- [What the task requires]: Repeat the listing below in full and exactly, but without its pictures.

########################################

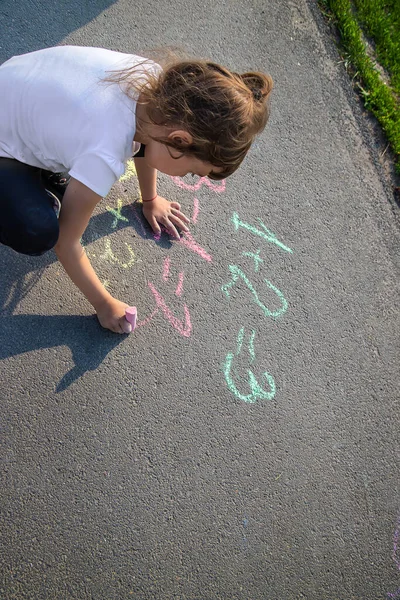 Das Kind Löst Gleichungen Auf Dem Asphalt Mit Kreide Selektiver — Stockfoto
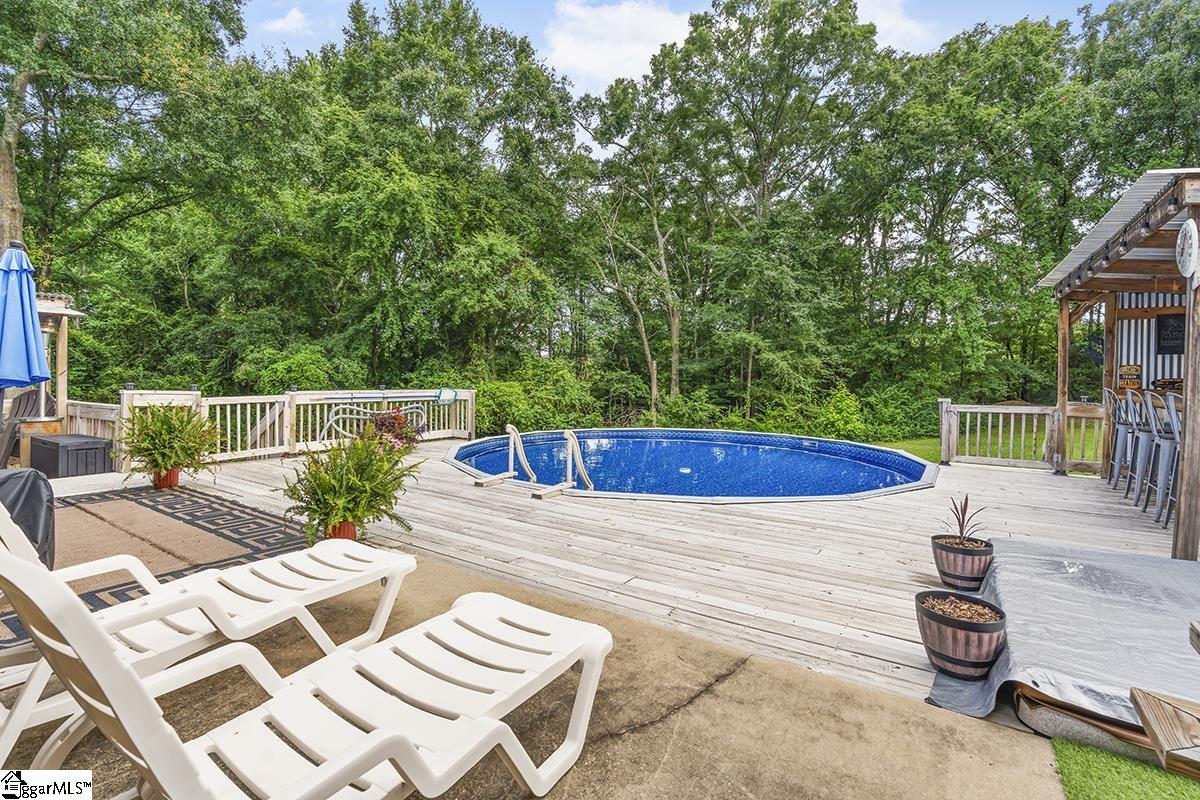 222 Jared Drive Laurens, SC 29360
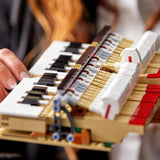 Pianoforte a coda da concerto LEGO Ideas (21323); Set da costruzione; Il tuo pianoforte da concerto; Fantastico progetto di modellismo per pianisti, musicisti, amanti della musica o hobbisti di talento (3.662 pezzi) Set da costruzione Besuche den LEGO-Store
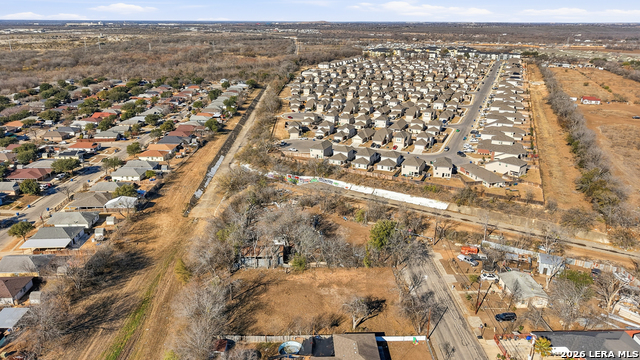 Image 3 of 16 For 522 Vincent St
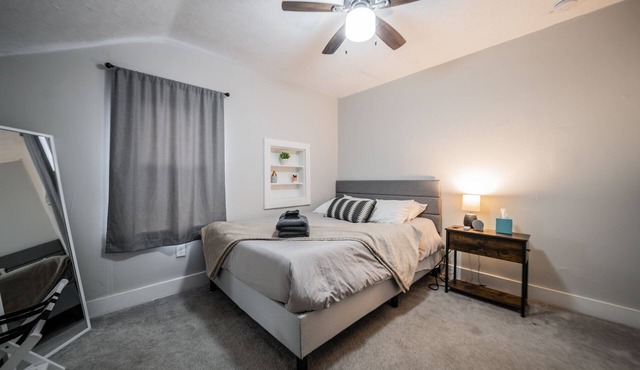 Stylish Ohio City Retreat close to West Side Market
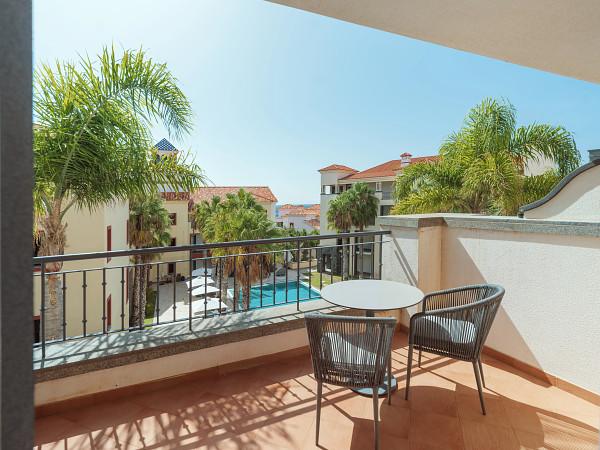 DOUBLE GARDEN VIEW (ADULTS ONLY) Dreams Madeira Resort, Spa & Marina Funchal DOUBLE GARDEN VIEW (ADULTS ONLY) Dreams Madeira Resort, Spa & Marina Funchal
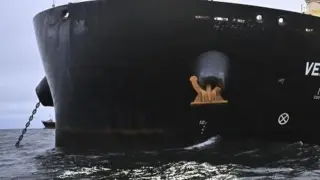 Ексклузивно ВИДЕО с въоръжени командоси на борда на кораба „Вежен“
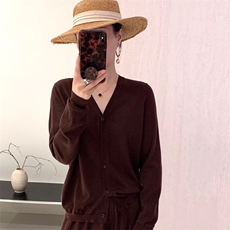 杨子纱100%超细羊毛V领开衫，女装针织衫/毛衣，优麦羊绒（原洪叶羊绒）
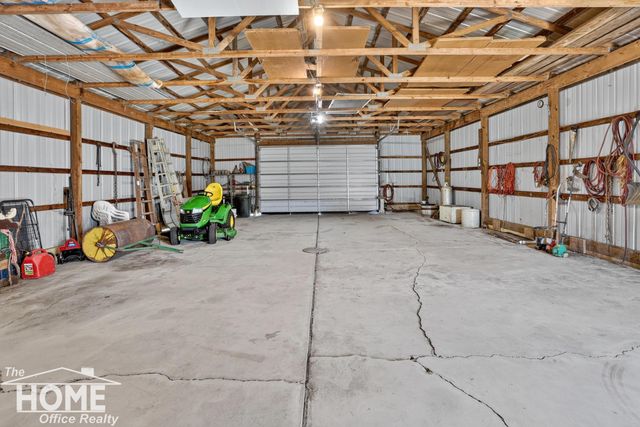 825 N State Road, Caledonia Twp, MI 48867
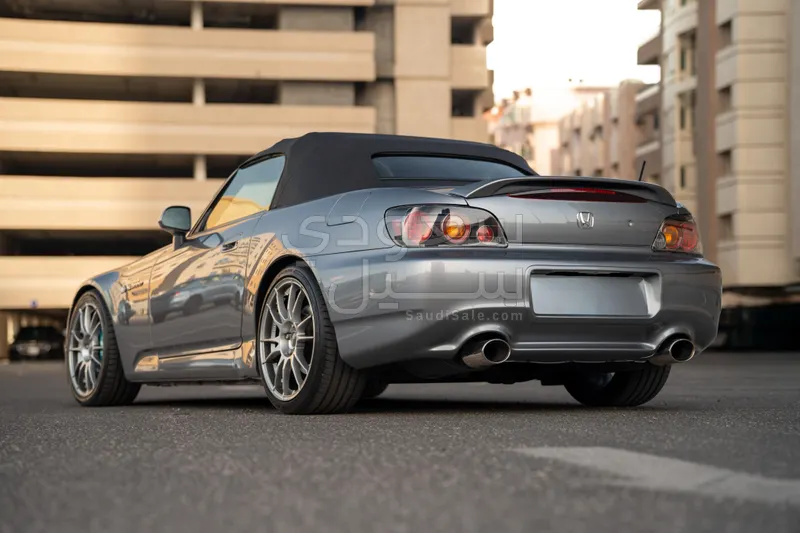 2008 هوندا اس 2000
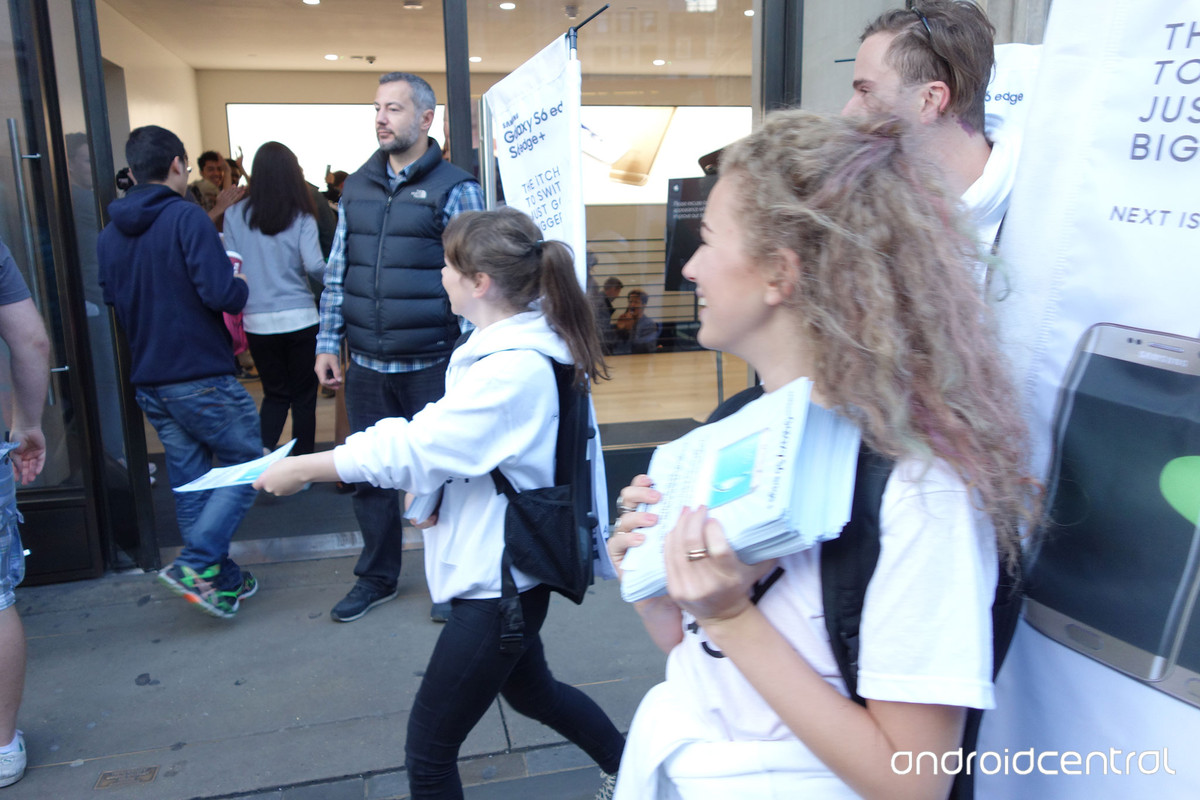 Samsung-employees-with-nbspThe-iTch-To-Switch-banners-outside-of-Apples-flagship-store-in-London-3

########################################

- [Answer below]:
 Das Kind Löst Gleichungen Auf Dem Asphalt Mit Kreide Selektiver — Stockfoto
 222 Jared Drive Laurens, SC 29360
 Pianoforte a coda da concerto LEGO Ideas (21323); Set da costruzione; Il tuo pianoforte da concerto; Fantastico progetto di modellismo per pianisti, musicisti, amanti della musica o hobbisti di talento (3.662 pezzi) Set da costruzione Besuche den LEGO-Store
 Image 3 of 16 For 522 Vincent St
 Stylish Ohio City Retreat close to West Side Market
 DOUBLE GARDEN VIEW (ADULTS ONLY) Dreams Madeira Resort, Spa & Marina Funchal DOUBLE GARDEN VIEW (ADULTS ONLY) Dreams Madeira Resort, Spa & Marina Funchal
 Ексклузивно ВИДЕО с въоръжени командоси на борда на кораба „Вежен“
 杨子纱100%超细羊毛V领开衫，女装针织衫/毛衣，优麦羊绒（原洪叶羊绒）
 825 N State Road, Caledonia Twp, MI 48867
 2008 هوندا اس 2000
 Samsung-employees-with-nbspThe-iTch-To-Switch-banners-outside-of-Apples-flagship-store-in-London-3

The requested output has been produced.